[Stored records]
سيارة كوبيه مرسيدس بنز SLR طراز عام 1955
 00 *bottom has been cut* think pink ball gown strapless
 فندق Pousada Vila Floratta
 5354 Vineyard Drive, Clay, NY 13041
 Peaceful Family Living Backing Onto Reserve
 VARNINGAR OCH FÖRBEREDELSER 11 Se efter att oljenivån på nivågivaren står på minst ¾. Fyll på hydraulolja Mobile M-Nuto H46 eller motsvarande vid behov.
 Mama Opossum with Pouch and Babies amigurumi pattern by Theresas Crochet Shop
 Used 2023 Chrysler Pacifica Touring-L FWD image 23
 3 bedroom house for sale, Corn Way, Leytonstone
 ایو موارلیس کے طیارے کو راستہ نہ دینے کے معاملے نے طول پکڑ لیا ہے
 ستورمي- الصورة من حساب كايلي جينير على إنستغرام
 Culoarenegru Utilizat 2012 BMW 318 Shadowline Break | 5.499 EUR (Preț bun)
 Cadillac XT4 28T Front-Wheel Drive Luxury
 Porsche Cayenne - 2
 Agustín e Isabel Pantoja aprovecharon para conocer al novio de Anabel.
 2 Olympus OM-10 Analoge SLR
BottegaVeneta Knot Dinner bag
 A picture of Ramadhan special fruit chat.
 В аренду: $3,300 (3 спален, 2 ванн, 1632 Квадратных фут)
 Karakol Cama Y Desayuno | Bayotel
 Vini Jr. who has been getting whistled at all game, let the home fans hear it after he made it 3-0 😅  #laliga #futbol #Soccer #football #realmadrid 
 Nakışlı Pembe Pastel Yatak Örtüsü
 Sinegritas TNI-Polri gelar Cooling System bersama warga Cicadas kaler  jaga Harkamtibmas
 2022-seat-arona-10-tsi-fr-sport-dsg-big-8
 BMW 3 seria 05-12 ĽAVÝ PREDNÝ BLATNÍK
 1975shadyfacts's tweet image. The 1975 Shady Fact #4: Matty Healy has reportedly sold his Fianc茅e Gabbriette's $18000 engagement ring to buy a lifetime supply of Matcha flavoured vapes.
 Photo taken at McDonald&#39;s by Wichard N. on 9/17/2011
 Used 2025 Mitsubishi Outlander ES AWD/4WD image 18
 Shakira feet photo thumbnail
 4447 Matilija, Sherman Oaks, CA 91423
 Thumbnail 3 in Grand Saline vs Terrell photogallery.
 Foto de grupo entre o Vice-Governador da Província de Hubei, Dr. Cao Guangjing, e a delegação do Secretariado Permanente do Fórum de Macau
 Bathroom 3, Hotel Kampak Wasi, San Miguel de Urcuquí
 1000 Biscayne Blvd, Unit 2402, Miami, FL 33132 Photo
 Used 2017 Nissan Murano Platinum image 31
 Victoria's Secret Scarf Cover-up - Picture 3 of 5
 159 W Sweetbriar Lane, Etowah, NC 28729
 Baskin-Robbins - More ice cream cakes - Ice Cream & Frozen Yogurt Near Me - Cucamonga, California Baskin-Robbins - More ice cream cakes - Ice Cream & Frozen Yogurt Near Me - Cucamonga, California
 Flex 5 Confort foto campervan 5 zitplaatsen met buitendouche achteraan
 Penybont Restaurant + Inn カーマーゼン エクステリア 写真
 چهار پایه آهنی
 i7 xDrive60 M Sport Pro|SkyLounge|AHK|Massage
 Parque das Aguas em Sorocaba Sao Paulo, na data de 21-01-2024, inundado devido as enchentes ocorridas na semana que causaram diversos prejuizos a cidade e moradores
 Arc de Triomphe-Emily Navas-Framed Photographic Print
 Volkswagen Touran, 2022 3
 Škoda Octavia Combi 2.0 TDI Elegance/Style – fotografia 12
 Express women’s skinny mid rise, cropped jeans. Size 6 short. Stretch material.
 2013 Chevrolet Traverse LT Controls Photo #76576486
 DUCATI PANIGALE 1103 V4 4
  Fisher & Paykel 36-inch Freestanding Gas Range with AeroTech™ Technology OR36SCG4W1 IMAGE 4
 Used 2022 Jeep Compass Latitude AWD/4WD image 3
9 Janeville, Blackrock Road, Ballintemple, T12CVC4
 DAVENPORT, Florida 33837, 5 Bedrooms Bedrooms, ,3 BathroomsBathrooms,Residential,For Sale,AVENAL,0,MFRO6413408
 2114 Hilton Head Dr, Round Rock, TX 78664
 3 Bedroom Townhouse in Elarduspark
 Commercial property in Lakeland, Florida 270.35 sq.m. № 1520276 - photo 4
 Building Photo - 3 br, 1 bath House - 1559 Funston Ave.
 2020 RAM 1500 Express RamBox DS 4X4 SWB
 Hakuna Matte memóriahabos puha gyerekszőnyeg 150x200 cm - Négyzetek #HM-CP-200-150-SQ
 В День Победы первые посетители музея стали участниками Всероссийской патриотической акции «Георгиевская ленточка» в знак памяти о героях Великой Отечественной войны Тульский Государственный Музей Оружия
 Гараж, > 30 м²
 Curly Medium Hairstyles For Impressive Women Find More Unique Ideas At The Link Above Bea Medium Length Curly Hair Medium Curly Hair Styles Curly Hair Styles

• _What the task requires_:
The output should be exactly the lines above from the line containing "Volkswagen Touran, 2022 3" to the line containing "2114 Hilton Head Dr, Round Rock, TX 78664", inclusive, with no other lines.

• _Result of this task_:
 Volkswagen Touran, 2022 3
 Škoda Octavia Combi 2.0 TDI Elegance/Style – fotografia 12
 Express women’s skinny mid rise, cropped jeans. Size 6 short. Stretch material.
 2013 Chevrolet Traverse LT Controls Photo #76576486
 DUCATI PANIGALE 1103 V4 4
  Fisher & Paykel 36-inch Freestanding Gas Range with AeroTech™ Technology OR36SCG4W1 IMAGE 4
 Used 2022 Jeep Compass Latitude AWD/4WD image 3
9 Janeville, Blackrock Road, Ballintemple, T12CVC4
 DAVENPORT, Florida 33837, 5 Bedrooms Bedrooms, ,3 BathroomsBathrooms,Residential,For Sale,AVENAL,0,MFRO6413408
 2114 Hilton Head Dr, Round Rock, TX 78664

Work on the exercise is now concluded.